Even before these discoveries were made it had been known that the Basketmakers had some knowledge of construction. In the caves or shelters they built cists which provided storage space for corn and which often served a secondary purpose as a final resting place for the dead. Some were lined with grass and bark and may have been used as temporary sleeping places. The cists were oval or circular pits, usually dug in the cave floor. The average diameter was between three and five feet and the average depth about two feet. There were also larger cists which reached a diameter of over eight feet and were four feet deep. Some were divided into bins by slab partitions. Cists were sometimes simply pits but in other cases they were lined with stone slabs and reinforced with adobe. Covers were usually provided. For the smaller cists they were normally only sandstone slabs. The larger cists often had more elaborate roofs of wood and plaster and some even had above-ground superstructures of poles, brush, and bark, sometimes capped by adobe.

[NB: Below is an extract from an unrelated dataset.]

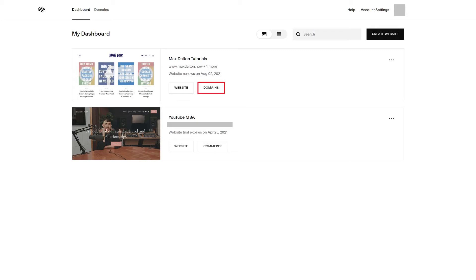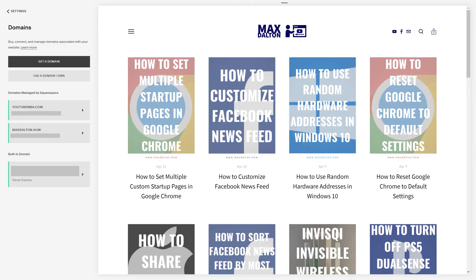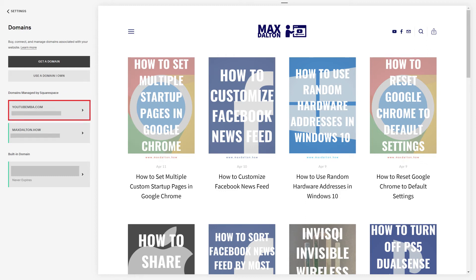Step 2. Click Domains next to the Squarespace site the domain you want to transfer is currently associated with. The Domains screen is displayed. Step 3. Navigate to the Domains Managed by Squarespace section, and then click the name of the domain you want to transfer to another Squarespace site. In this example I'll click my youtubemba.com domain.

Clothing and shelter are, of course, subordinate to man’s main physical need—the need for food. In the period in which we first find evidence of the Basketmakers they were no longer solely dependant on hunting and the gathering of wild foods but had two cultivated crops, corn and squash. Where the Basketmakers gained their knowledge of agriculture is not known with certainty. Everything seems to point to the first domestication of corn far to the south in Central[126] or South America and it Is believed that knowledge of corn and its cultivation spread to the north by [diffusion].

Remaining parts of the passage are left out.